I have been peripherally involved in Python development since I was asked to comment on PEP 495 (adding the fold attribute) as maintainer of dateutil. In late 2017 I started contributing bug fixes and features more actively, and monitoring the issue tracker for datetime-related issues. One of the biggest bottlenecks in the CPython development process is high-quality reviews, which is something I’m used to doing from years of maintaining open source packages, so I stepped in and started reviewing PRs as well.

In terms of the actual process of becoming a core dev, I took an increasingly common path for newer core devs, which is that Victor Stinner noticed my contributions and asked me if I was interested in eventually becoming a core dev; after I said yes, he and Pablo Galindo Salgado agreed to mentor me through the process of becoming a bug triager and eventually core developer.

Which modules do you work on and why?

My main expertise is with the datetime and related modules (e.g. time); this is partially a result of my randomly stumbling into maintaining dateutil back in early 2015 and partially down to the fact that most other people reallywould prefer not to work on datetimes.
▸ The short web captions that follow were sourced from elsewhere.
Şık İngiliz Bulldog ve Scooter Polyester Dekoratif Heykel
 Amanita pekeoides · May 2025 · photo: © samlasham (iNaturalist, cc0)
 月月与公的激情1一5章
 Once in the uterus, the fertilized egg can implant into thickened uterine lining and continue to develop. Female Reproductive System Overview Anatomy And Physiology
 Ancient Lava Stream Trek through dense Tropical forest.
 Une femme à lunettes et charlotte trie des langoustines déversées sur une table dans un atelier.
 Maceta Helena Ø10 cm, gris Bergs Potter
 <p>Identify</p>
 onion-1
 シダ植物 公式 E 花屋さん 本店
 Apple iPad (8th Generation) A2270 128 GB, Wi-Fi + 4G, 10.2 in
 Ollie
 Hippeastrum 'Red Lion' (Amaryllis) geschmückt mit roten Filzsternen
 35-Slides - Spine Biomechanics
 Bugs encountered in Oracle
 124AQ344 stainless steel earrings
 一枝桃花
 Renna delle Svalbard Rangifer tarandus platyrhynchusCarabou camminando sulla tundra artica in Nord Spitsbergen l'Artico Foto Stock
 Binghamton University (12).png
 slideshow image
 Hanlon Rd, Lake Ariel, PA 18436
I’ve also been involved in packaging as well (as a maintainer of setuptools), but these days distutils doesn’t see much improvement because it is almost always preferable to make the improvements in setuptools instead.

Do you have any advice for others who would like to contribute to Python core?

If you have the opportunity to attend a sprint (as part of a conference or otherwise), that is usually the best way to make a first contribution to any open source project. If not, I think the best advice I can give is the same I would give for contributing to any open source project:

  1. Make a small PR with tightly scoped changes: these are much easier to review and merge.
  2. Minimize or eliminate changes to the public API: every change to the public API is something that the maintainers of that module will have to support indefinitely. Behind-the-scenes changes are a lot easier to accept because they’re a lot easier to undo.
  3. Add tests! Good tests are often the hardest part of a PR to write, so it’s very unlikely that your contribution will be accepted without them. They also make a contribution much easier to review, because they demonstrate exactly what your code is supposed to do and they enforce the behavior!

If you’re already a skilled reviewer, I also recommend looking around in the issue tracker for unreviewed PRs and giving your comments. This will really help the project and is a sure fire way to build a reputation as a solid contributor.

Is there anything else you’d like to say?

Thank you for asking me to do this interview, and thanks to all the readers who’ve indulged my verbosity by reading all the way to the end.

Thanks for doing the interview, Paul!